Santé, hôpitaux, gratuité des soins : Bamako sécurise plus de 83 milliards FCFA

Le gouvernement malien vient de franchir une étape importante dans le financement de ses services sociaux de base. Réuni en Conseil des ministres ce mercredi 8 avril 2026, l’exécutif a adopté un projet de loi portant ratification d’un accord de financement d’un montant de plus de 83 milliards de francs CFA, destiné à soutenir en urgence les secteurs de la santé et de l’éducation.

Signé le 1er avril dernier à Bamako entre l’État malien et l’Association internationale de Développement, ce financement intervient dans un contexte où les structures sanitaires, déjà fragilisées, font face à des besoins croissants, tant en ressources humaines qu’en équipements et en médicaments.

Dans le détail, une part importante de ce prêt sera consacrée au maintien de la gratuité des soins de santé pour les femmes et les enfants, une mesure sociale phare mais coûteuse pour les finances publiques.
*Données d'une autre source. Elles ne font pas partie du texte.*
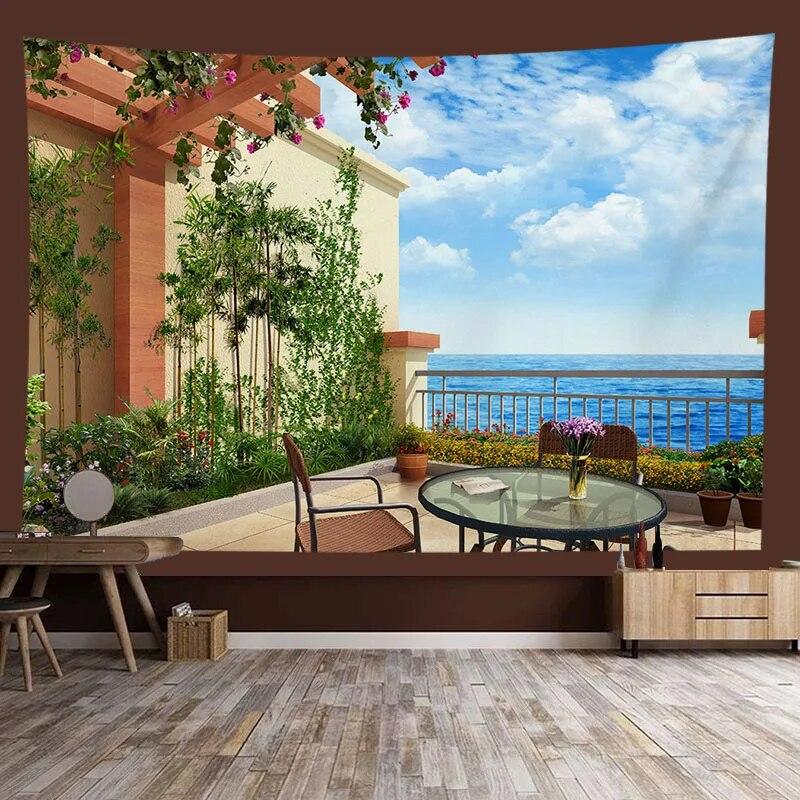 Window Sill Garden Beach View Large Tapestry Wall Hanging Bohemian Hippie Tapestry Room Aesthetic Living Room Home Decoration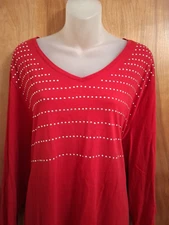 Catherines Womens Pullover Top Red Silver Studs Sparkly Cotton 2X 22W 24W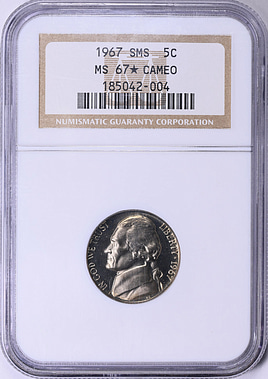 1967 Jefferson Nickel SMS NGC MS-67 ☆ CAMEO (Item 2027161 1967 Jefferson Nickel SMS NGC MS-67 ☆ CAMEO (Item 2027161
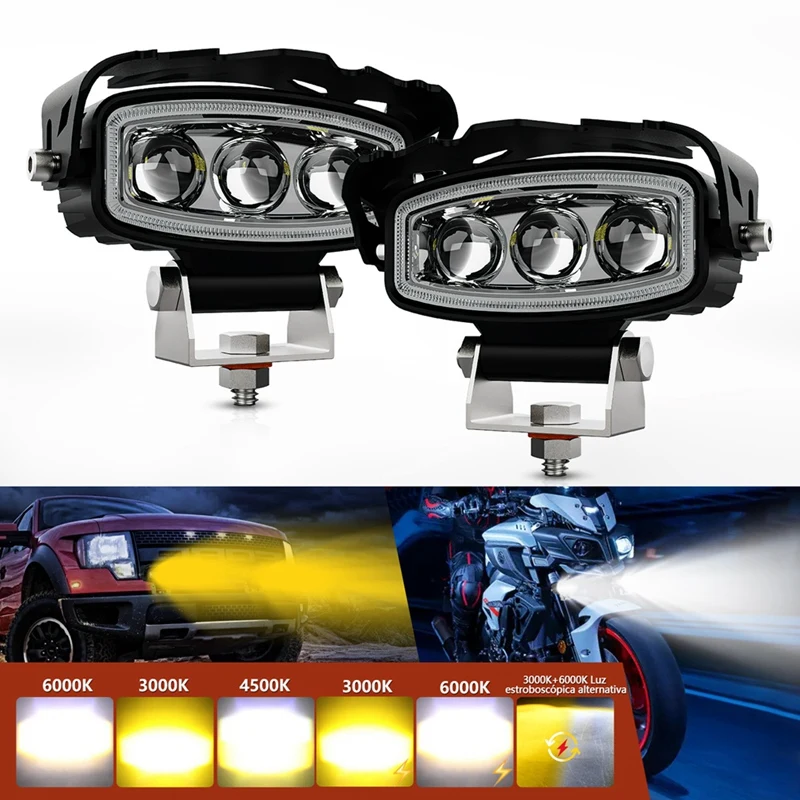 Motorcycle LED Spotlight Hi/Low Beam Fog Lamps Auxiliary Headlight Driving Light Yellow+White Light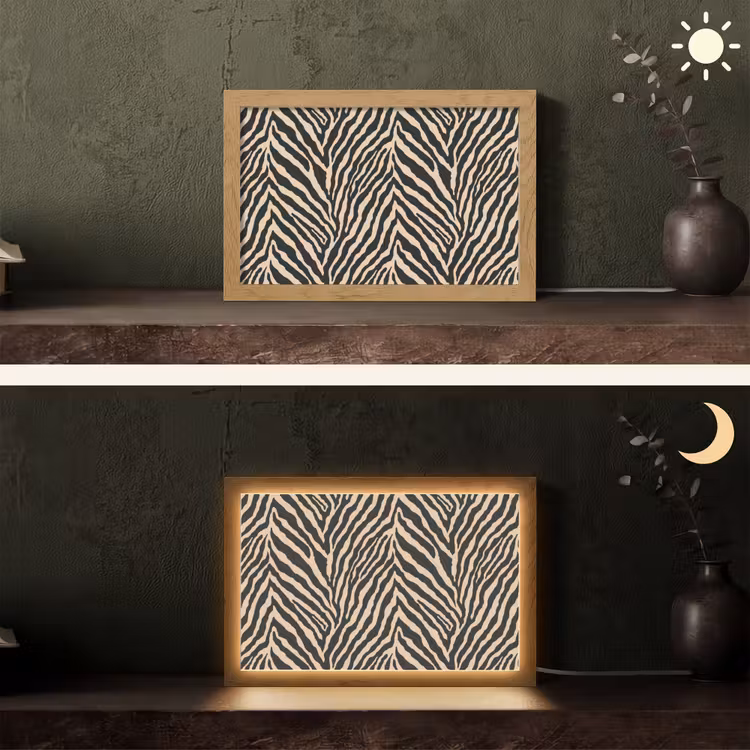 Zebra - Klassiek - Zwart Light Box met kabel (Tafellamp) klein 924 -sfeer3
Il s’agira aussi d’assurer le fonctionnement courant des hôpitaux et des structures spécialisées : achat de vaccins, approvisionnement en médicaments essentiels, maintenance des équipements médicaux ou encore entretien des infrastructures.
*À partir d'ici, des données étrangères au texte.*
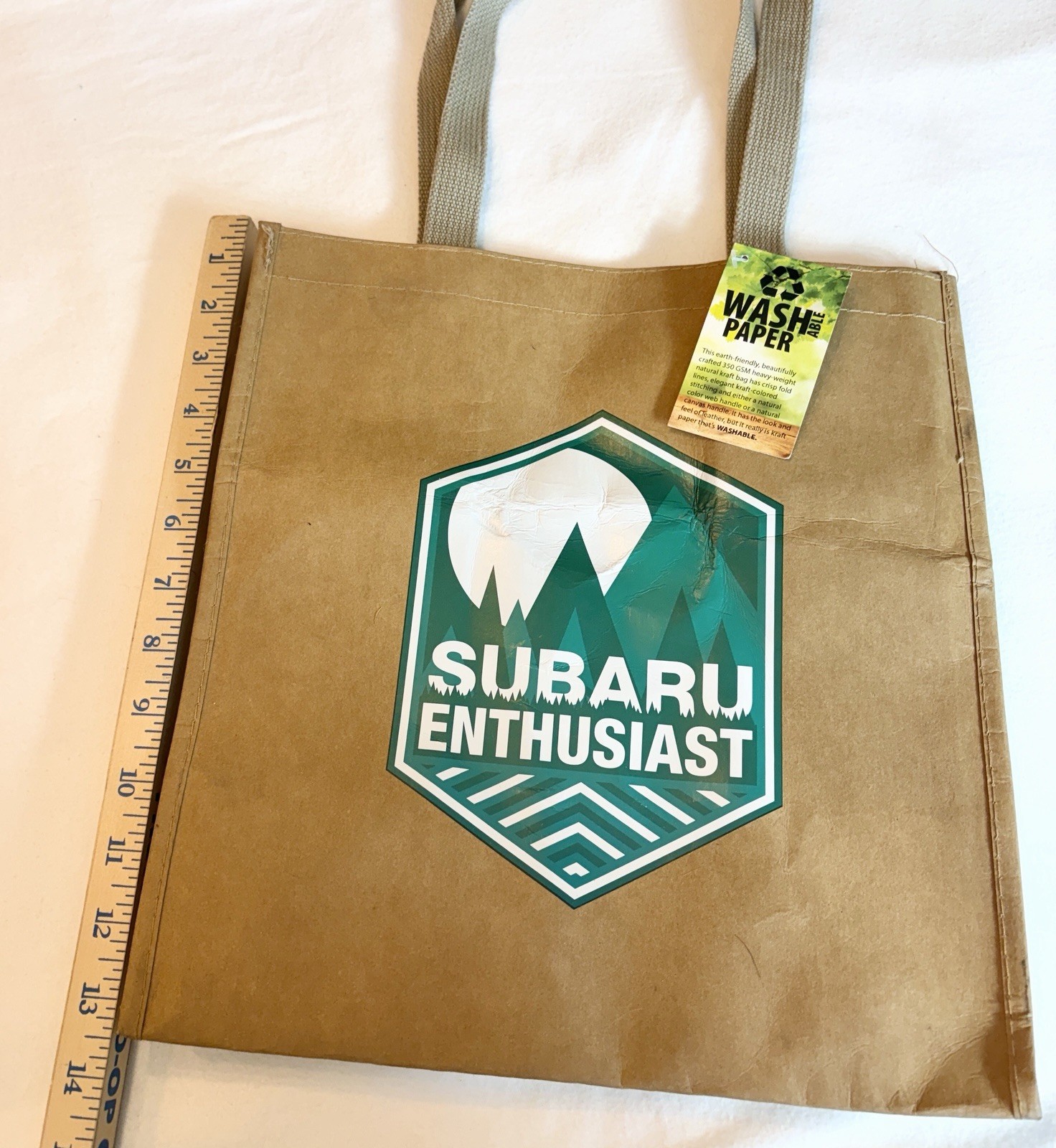 Subaru Swag Washable Paper Bag Tote TAG Enthusiast Merch 12” 13” 8” Fabric Strap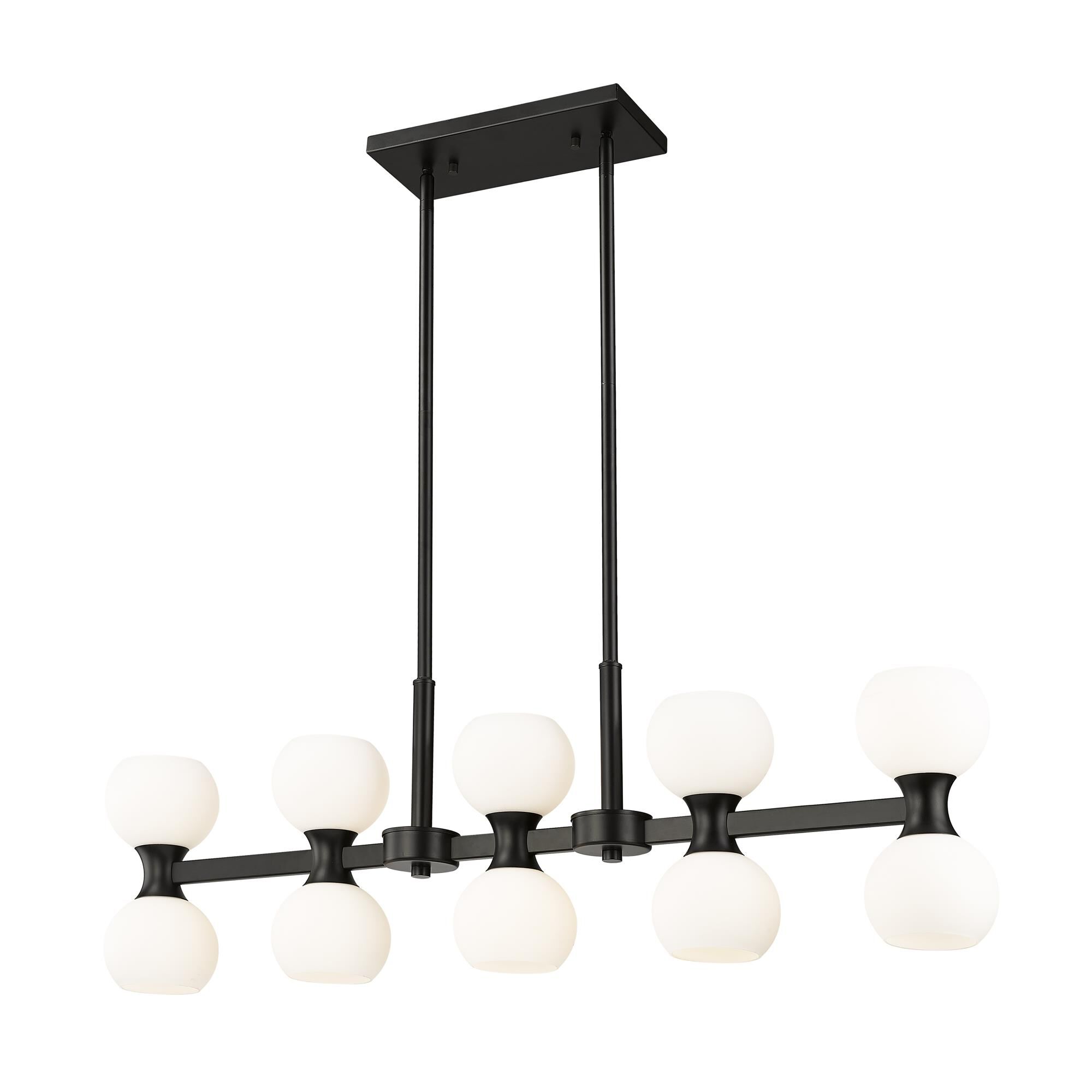 Shown in Matte Black finish and Matte Opal glass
Mais le projet ne s’arrête pas à la santé. Une partie des fonds servira également à soutenir le secteur de l’éducation, notamment à travers des subventions. Même si les contours précis de cette répartition n’ont pas encore été détaillés, cette orientation traduit une volonté des autorités de préserver les piliers sociaux dans un contexte économique sous pression.
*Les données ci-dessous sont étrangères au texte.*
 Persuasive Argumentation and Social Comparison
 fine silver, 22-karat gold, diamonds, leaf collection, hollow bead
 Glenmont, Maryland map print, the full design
Derrière ce financement, c’est aussi une question de stabilité sociale qui se joue. Car garantir l’accès aux soins et soutenir l’éducation, c’est limiter les inégalités, prévenir les crises sociales et renforcer la résilience des populations les plus vulnérables.

Reste désormais un enjeu crucial : celui de la gestion et de la traçabilité de ces fonds. Dans un pays où les attentes sont fortes et les besoins immenses, l’efficacité de la mise en œuvre sera scrutée de près, tant par les partenaires que par les citoyens.

Ce financement apparaît ainsi comme une bouffée d’oxygène pour les services sociaux maliens. Mais comme souvent, tout dépendra de la manière dont ces ressources seront utilisées sur le terrain.